Bob Marley is the Patron Saint of a popular undergraduate course I teach, Protest Music in History. I’m a sociologist interested in the interrelationships between religion, identity, popular culture, spirituality, faith politics and community. From the first moment I heard Palestrina’s exquisite Superflumina Babylonis, it haunted me. So I followed. It connects me to my own voice, heals my hurts, empowers me to fight back. It helps me open myself to Higher Power, to you, to history, and the world. I hear this song in Johnny Thunder’s So Alone, filled with the desperation of addiction, the cockroach soul of the defeated junkie. I heard it the fall of CBGBs in 2005, in the death of the original Ramones, and Ramones and the defeat of NYC by the money people. I played it every day after 2012 SuperStorm Sandy, when I lost my home, my car, by the rivers of Long Beach NY, our community was displaced, dispersed, after the ocean met the bay midpoint on our barrier Island.
What does HOME mean to you? What does HOME mean to all the vibrant, creative Black lives being cut short every day? To the Native Peoples fighting for water, for holy ground, for their dignity, for the Earth? To the people of Ukraine. To the the frightened, starving, stateless refugees dying to reach safe harbor? To women in this age of increasingly brutal misogyny, To the enslaved: Stolen every day for sex trafficking, forced labor. For kids trapped in abusive families, bullied at home, in school and on the streets for being who they are? What does home mean to the transgender body and soul? To LGBTQ people of the world ? To the Jewish people, now, in 5783 (2022-2023)?

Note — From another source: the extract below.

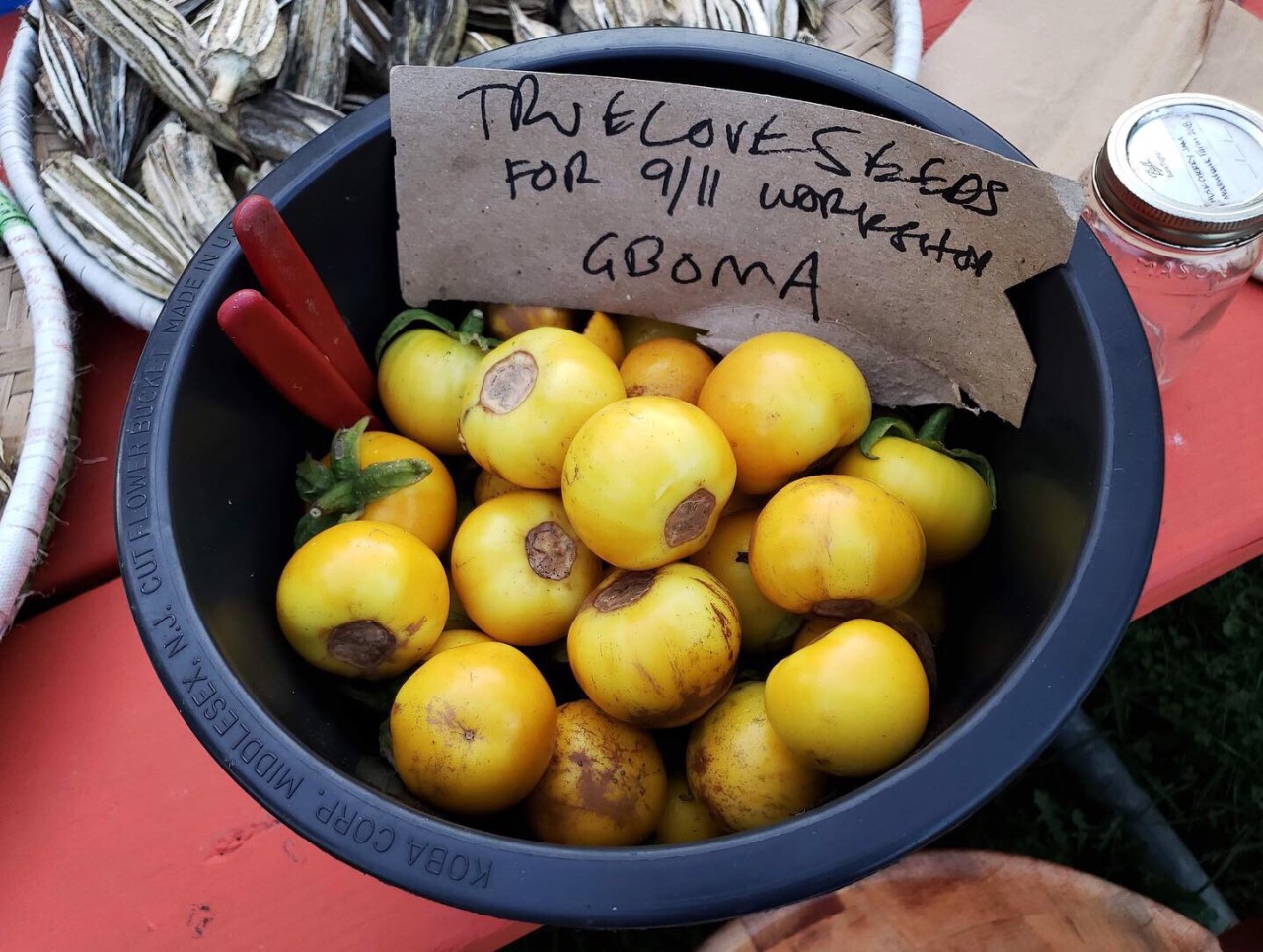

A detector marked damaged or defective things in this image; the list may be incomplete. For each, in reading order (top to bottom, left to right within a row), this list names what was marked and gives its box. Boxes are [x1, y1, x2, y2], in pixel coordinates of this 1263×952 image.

We make a choice every day: To love or hate, to fight back or be crushed, to have faith or give up, to heal or to kill, to live in peace or be destroyed in war. We Are All Shows of the Same Sun It’s a WE world---we cannot do it alone. Reach out—to your neighbor, to your community, to you enemy, to your guiding force. We are never alone, we are always loved, we are strong, we are good and we will be free.
An earlier version of this essay was presented as “Superflumina Babylonis: The Career of a Song Over Time” in a panel I organized titled "Songs of Freedom: Protest Music in History,” at The Museum of Pop Culture (MoPop), Seattle Washington.